İnsan kendisini eleştirebilen bir canlı... Çoğu zaman doğaya karşı, doğadaki canlılara karşı hatalarını görmüş, geriye dönerek af dilemiş, utanmış, hesaplaşmış, bir daha asla diyebilmiştir. İşte hata olarak görmesi gereken ancak henüz bunu hissetmekten bile uzak olduğu bir konu da hayvanat bahçeleridir.

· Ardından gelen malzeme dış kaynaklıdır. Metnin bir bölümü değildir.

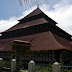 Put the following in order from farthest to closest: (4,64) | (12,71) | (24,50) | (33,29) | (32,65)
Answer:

Şunu hemen belirtmem gerekir ki kendi adıma yazıyı hayvanat bahçeleri temelinde hazırlasam da hayvanat bahçeleri tanımı içerisine yunus parkları, sirkler, hayvan dövüşleri gibi insanları eğlendirmek temelinde hayvanların kullanıldığı tüm yapı ve etkinlikleri alıyorum. Bu yazıda hayvanların hayvanat bahçelerindeki durumlarını, kendilerine yapılan eziyetleri, yaşam koşullarını dile getirmeyeceğim. Bu görev size ait. Gidin hayvanları izleyin, onların doğadaki yerini düşünün ve gözlerine bakın. Kafesin etrafındaki insanların onlar ile ilgili sohbetlerine kulak verin. Bir daha gitmek isteyeceğinizi zannetmiyorum. Bu yazıda temel eleştiri insanların ne hakla bu hapishaneleri yaptıkları ve yapmaya devam ettikleri...
Öncelikle hayvanat bahçelerinin fayda noktasında kime odaklandığı, neyi amaçladığını merak ederek biraz araştırma yaptım. Tatminkar Türkçe bir bilgiye ulaşamadığım için hayvanat bahçelerinin web sayfaları içerisinde yer alan misyon ve vizyon başlıkları altında yer alan bilgileri özetleyerek ve tahminler üzerinden giderek olanı sizinle paylaşacağım.
utanç |
1) İnsanları doğa ile ilgili olarak bilgilendirmek, doğaya ve yaban hayata sevgilerini arttırmak,
2) Ziyaretçilerin bu alanlarda eğlenmesini sağlamak,
3) Nesli tehlike altında olan türleri korumak.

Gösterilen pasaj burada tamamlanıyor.